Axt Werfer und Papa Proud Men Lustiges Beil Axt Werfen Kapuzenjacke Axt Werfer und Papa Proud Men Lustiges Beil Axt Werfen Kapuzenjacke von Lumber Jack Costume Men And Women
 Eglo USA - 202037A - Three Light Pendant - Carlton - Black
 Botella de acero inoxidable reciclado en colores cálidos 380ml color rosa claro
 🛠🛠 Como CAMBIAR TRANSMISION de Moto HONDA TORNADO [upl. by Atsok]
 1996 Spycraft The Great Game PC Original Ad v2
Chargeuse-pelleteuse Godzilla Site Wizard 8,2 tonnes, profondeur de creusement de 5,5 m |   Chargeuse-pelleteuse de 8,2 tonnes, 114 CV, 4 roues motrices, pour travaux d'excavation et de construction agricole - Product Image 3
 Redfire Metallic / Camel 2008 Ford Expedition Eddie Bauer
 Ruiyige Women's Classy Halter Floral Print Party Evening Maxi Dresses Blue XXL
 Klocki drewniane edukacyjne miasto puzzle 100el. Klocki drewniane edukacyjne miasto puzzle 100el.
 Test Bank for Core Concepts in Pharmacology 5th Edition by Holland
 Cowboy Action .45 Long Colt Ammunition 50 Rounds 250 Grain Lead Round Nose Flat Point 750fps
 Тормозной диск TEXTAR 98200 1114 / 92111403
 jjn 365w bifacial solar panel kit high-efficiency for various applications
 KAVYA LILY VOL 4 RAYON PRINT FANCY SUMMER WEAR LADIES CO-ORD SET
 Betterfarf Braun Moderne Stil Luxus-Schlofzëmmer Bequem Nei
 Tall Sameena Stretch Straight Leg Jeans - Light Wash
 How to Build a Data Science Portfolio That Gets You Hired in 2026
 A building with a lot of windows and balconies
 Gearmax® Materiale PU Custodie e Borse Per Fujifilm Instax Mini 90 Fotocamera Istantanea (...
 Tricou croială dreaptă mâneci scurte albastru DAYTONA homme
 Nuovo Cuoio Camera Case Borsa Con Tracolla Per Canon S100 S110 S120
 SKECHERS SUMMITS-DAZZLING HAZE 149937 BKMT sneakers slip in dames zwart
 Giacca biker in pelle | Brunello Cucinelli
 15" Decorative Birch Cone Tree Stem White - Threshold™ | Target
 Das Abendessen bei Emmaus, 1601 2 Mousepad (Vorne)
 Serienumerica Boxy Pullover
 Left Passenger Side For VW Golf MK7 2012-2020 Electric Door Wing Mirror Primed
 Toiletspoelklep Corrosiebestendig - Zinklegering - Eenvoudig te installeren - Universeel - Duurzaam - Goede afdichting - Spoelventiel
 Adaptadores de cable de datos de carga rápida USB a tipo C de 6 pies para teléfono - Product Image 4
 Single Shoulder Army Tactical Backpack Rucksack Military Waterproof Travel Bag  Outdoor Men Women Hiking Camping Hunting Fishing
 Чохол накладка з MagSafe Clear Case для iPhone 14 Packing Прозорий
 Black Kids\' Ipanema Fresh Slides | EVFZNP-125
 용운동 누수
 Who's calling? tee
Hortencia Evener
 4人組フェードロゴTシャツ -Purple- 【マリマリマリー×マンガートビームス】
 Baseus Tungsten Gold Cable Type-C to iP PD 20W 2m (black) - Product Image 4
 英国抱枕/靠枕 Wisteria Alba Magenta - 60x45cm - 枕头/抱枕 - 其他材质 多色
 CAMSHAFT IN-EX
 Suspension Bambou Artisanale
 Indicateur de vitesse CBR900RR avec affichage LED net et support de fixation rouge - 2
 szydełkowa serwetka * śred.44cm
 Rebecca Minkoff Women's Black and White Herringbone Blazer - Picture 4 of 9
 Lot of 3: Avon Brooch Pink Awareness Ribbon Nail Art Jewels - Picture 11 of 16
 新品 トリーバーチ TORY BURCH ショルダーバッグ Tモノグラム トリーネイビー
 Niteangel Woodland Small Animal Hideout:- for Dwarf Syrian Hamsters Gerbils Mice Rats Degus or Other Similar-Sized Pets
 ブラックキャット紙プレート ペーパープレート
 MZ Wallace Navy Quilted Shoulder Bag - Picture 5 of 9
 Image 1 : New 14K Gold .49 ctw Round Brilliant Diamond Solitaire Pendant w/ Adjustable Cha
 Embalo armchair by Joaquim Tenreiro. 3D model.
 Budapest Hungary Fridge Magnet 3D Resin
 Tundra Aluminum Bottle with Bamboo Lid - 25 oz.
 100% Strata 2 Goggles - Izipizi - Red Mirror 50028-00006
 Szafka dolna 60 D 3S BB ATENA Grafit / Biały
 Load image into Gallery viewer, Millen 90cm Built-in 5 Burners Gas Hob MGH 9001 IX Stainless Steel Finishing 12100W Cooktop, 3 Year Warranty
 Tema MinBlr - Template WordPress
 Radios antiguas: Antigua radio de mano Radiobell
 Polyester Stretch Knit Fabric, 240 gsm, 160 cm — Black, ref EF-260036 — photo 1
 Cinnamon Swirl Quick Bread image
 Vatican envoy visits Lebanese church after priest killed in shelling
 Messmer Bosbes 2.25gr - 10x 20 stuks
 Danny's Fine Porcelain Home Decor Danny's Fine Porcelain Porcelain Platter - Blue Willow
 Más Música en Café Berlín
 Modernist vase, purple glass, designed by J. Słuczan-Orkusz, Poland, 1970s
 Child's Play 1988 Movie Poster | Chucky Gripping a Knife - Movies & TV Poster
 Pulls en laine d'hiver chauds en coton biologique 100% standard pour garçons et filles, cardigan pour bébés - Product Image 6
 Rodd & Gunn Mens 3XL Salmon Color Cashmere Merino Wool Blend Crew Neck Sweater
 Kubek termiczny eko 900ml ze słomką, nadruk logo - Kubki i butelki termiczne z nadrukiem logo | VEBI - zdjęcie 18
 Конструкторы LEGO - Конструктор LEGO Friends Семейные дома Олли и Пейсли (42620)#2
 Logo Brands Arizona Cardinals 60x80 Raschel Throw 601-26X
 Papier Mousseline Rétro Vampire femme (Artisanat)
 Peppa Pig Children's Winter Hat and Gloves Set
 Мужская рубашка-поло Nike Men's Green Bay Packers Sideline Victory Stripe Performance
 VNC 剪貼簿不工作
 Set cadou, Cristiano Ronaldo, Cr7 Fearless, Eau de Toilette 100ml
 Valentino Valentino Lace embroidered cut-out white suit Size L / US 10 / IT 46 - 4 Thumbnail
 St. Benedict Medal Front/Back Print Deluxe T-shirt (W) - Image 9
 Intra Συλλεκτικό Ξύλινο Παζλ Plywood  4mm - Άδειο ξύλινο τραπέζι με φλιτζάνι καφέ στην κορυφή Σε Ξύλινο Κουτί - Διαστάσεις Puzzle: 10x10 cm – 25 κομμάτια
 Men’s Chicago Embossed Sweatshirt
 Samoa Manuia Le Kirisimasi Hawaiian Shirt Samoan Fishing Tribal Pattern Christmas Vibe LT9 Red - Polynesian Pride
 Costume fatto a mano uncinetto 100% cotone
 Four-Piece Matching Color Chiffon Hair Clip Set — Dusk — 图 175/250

Problem details: Copy all the entries verbatim.

Answer to the problem:
Axt Werfer und Papa Proud Men Lustiges Beil Axt Werfen Kapuzenjacke Axt Werfer und Papa Proud Men Lustiges Beil Axt Werfen Kapuzenjacke von Lumber Jack Costume Men And Women
 Eglo USA - 202037A - Three Light Pendant - Carlton - Black
 Botella de acero inoxidable reciclado en colores cálidos 380ml color rosa claro
 🛠🛠 Como CAMBIAR TRANSMISION de Moto HONDA TORNADO [upl. by Atsok]
 1996 Spycraft The Great Game PC Original Ad v2
Chargeuse-pelleteuse Godzilla Site Wizard 8,2 tonnes, profondeur de creusement de 5,5 m |   Chargeuse-pelleteuse de 8,2 tonnes, 114 CV, 4 roues motrices, pour travaux d'excavation et de construction agricole - Product Image 3
 Redfire Metallic / Camel 2008 Ford Expedition Eddie Bauer
 Ruiyige Women's Classy Halter Floral Print Party Evening Maxi Dresses Blue XXL
 Klocki drewniane edukacyjne miasto puzzle 100el. Klocki drewniane edukacyjne miasto puzzle 100el.
 Test Bank for Core Concepts in Pharmacology 5th Edition by Holland
 Cowboy Action .45 Long Colt Ammunition 50 Rounds 250 Grain Lead Round Nose Flat Point 750fps
 Тормозной диск TEXTAR 98200 1114 / 92111403
 jjn 365w bifacial solar panel kit high-efficiency for various applications
 KAVYA LILY VOL 4 RAYON PRINT FANCY SUMMER WEAR LADIES CO-ORD SET
 Betterfarf Braun Moderne Stil Luxus-Schlofzëmmer Bequem Nei
 Tall Sameena Stretch Straight Leg Jeans - Light Wash
 How to Build a Data Science Portfolio That Gets You Hired in 2026
 A building with a lot of windows and balconies
 Gearmax® Materiale PU Custodie e Borse Per Fujifilm Instax Mini 90 Fotocamera Istantanea (...
 Tricou croială dreaptă mâneci scurte albastru DAYTONA homme
 Nuovo Cuoio Camera Case Borsa Con Tracolla Per Canon S100 S110 S120
 SKECHERS SUMMITS-DAZZLING HAZE 149937 BKMT sneakers slip in dames zwart
 Giacca biker in pelle | Brunello Cucinelli
 15" Decorative Birch Cone Tree Stem White - Threshold™ | Target
 Das Abendessen bei Emmaus, 1601 2 Mousepad (Vorne)
 Serienumerica Boxy Pullover
 Left Passenger Side For VW Golf MK7 2012-2020 Electric Door Wing Mirror Primed
 Toiletspoelklep Corrosiebestendig - Zinklegering - Eenvoudig te installeren - Universeel - Duurzaam - Goede afdichting - Spoelventiel
 Adaptadores de cable de datos de carga rápida USB a tipo C de 6 pies para teléfono - Product Image 4
 Single Shoulder Army Tactical Backpack Rucksack Military Waterproof Travel Bag  Outdoor Men Women Hiking Camping Hunting Fishing
 Чохол накладка з MagSafe Clear Case для iPhone 14 Packing Прозорий
 Black Kids\' Ipanema Fresh Slides | EVFZNP-125
 용운동 누수
 Who's calling? tee
Hortencia Evener
 4人組フェードロゴTシャツ -Purple- 【マリマリマリー×マンガートビームス】
 Baseus Tungsten Gold Cable Type-C to iP PD 20W 2m (black) - Product Image 4
 英国抱枕/靠枕 Wisteria Alba Magenta - 60x45cm - 枕头/抱枕 - 其他材质 多色
 CAMSHAFT IN-EX
 Suspension Bambou Artisanale
 Indicateur de vitesse CBR900RR avec affichage LED net et support de fixation rouge - 2
 szydełkowa serwetka * śred.44cm
 Rebecca Minkoff Women's Black and White Herringbone Blazer - Picture 4 of 9
 Lot of 3: Avon Brooch Pink Awareness Ribbon Nail Art Jewels - Picture 11 of 16
 新品 トリーバーチ TORY BURCH ショルダーバッグ Tモノグラム トリーネイビー
 Niteangel Woodland Small Animal Hideout:- for Dwarf Syrian Hamsters Gerbils Mice Rats Degus or Other Similar-Sized Pets
 ブラックキャット紙プレート ペーパープレート
 MZ Wallace Navy Quilted Shoulder Bag - Picture 5 of 9
 Image 1 : New 14K Gold .49 ctw Round Brilliant Diamond Solitaire Pendant w/ Adjustable Cha
 Embalo armchair by Joaquim Tenreiro. 3D model.
 Budapest Hungary Fridge Magnet 3D Resin
 Tundra Aluminum Bottle with Bamboo Lid - 25 oz.
 100% Strata 2 Goggles - Izipizi - Red Mirror 50028-00006
 Szafka dolna 60 D 3S BB ATENA Grafit / Biały
 Load image into Gallery viewer, Millen 90cm Built-in 5 Burners Gas Hob MGH 9001 IX Stainless Steel Finishing 12100W Cooktop, 3 Year Warranty
 Tema MinBlr - Template WordPress
 Radios antiguas: Antigua radio de mano Radiobell
 Polyester Stretch Knit Fabric, 240 gsm, 160 cm — Black, ref EF-260036 — photo 1
 Cinnamon Swirl Quick Bread image
 Vatican envoy visits Lebanese church after priest killed in shelling
 Messmer Bosbes 2.25gr - 10x 20 stuks
 Danny's Fine Porcelain Home Decor Danny's Fine Porcelain Porcelain Platter - Blue Willow
 Más Música en Café Berlín
 Modernist vase, purple glass, designed by J. Słuczan-Orkusz, Poland, 1970s
 Child's Play 1988 Movie Poster | Chucky Gripping a Knife - Movies & TV Poster
 Pulls en laine d'hiver chauds en coton biologique 100% standard pour garçons et filles, cardigan pour bébés - Product Image 6
 Rodd & Gunn Mens 3XL Salmon Color Cashmere Merino Wool Blend Crew Neck Sweater
 Kubek termiczny eko 900ml ze słomką, nadruk logo - Kubki i butelki termiczne z nadrukiem logo | VEBI - zdjęcie 18
 Конструкторы LEGO - Конструктор LEGO Friends Семейные дома Олли и Пейсли (42620)#2
 Logo Brands Arizona Cardinals 60x80 Raschel Throw 601-26X
 Papier Mousseline Rétro Vampire femme (Artisanat)
 Peppa Pig Children's Winter Hat and Gloves Set
 Мужская рубашка-поло Nike Men's Green Bay Packers Sideline Victory Stripe Performance
 VNC 剪貼簿不工作
 Set cadou, Cristiano Ronaldo, Cr7 Fearless, Eau de Toilette 100ml
 Valentino Valentino Lace embroidered cut-out white suit Size L / US 10 / IT 46 - 4 Thumbnail
 St. Benedict Medal Front/Back Print Deluxe T-shirt (W) - Image 9
 Intra Συλλεκτικό Ξύλινο Παζλ Plywood  4mm - Άδειο ξύλινο τραπέζι με φλιτζάνι καφέ στην κορυφή Σε Ξύλινο Κουτί - Διαστάσεις Puzzle: 10x10 cm – 25 κομμάτια
 Men’s Chicago Embossed Sweatshirt
 Samoa Manuia Le Kirisimasi Hawaiian Shirt Samoan Fishing Tribal Pattern Christmas Vibe LT9 Red - Polynesian Pride
 Costume fatto a mano uncinetto 100% cotone
 Four-Piece Matching Color Chiffon Hair Clip Set — Dusk — 图 175/250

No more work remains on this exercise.